Families and caregivers know how difficult it is to cope with a loved one who abuses alcohol or drugs. It is important to realize that family members cannot stop their relative’s substance abuse. They can, however, avoid covering it up or doing things that make it easy for the relative to continue the denial. Families can learn what they can do about the problem, but they must be realistic that much of it is out of their hands. The following is a list of things to do and not do if your loved one is addicted:
1. Don’t regard this as a family disgrace. The addiction of a loved one does not reflect on the integrity of family members. Addicts make their own choices for a variety of reasons.

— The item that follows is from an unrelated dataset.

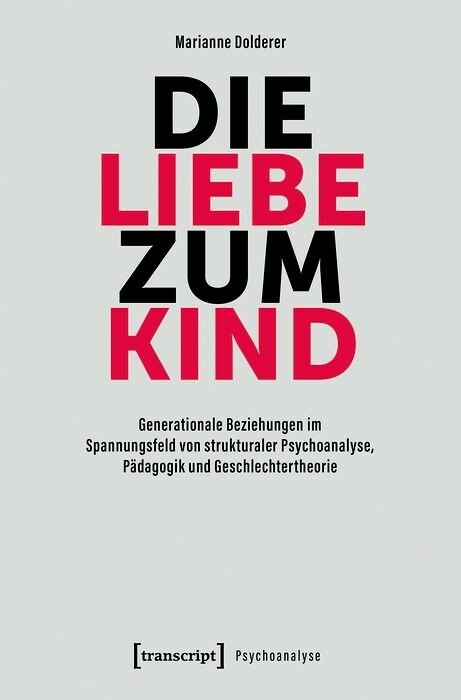 Die Liebe zum Kind -  Marianne Dolderer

2. Don’t nag, preach, or lecture. This will only create resentment and the user may lie or make promises that cannot be kept. Recovery from addiction may only come about once the user makes a decision to seek treatment.
3. Don’t use the “If you loved me…” approach. The addict may not be able to control their usage through will power alone, and your appeal will only increase their guilt.
4. Avoid threats unless you think them through carefully and definitely intend to carry them out. Specific actions may be required to protect oneself and others but idle threats only demonstrate that you do not mean what you say and that you are prepared to live with the user’s addiction.
5. Don’t hide or dispose of any alcohol or drugs. This may make the addict more desperate and he or she will simply find new ways of getting more drugs or alcohol. Most users will also get more creative at hiding their supply.
6. Don’t use alcohol or drugs with the addict on the grounds it will make him or her use less. This condones the substance abuse and delays the possibility of the addict seeking help.
7. Don’t be jealous of the method of recovery that the addict chooses. The addict may form close bonds with others in treatment. See this as a positive step and not a rejection of the love and care they receive at home.
8. Don’t consider relapses as a total loss. Relapse is common in recovery much like a smoker who “slips” on occasion but eventually quits.
9. Allow the addict to experience the consequences of their alcohol or drug use. Don’t clean up after the user or rescue him or her from penalties imposed by school, work, or the police.
10. Do offer love, support, and understanding in recovery. Remember that you can only control your own reactions and behaviors. The user must learn to control his or her own recovery process.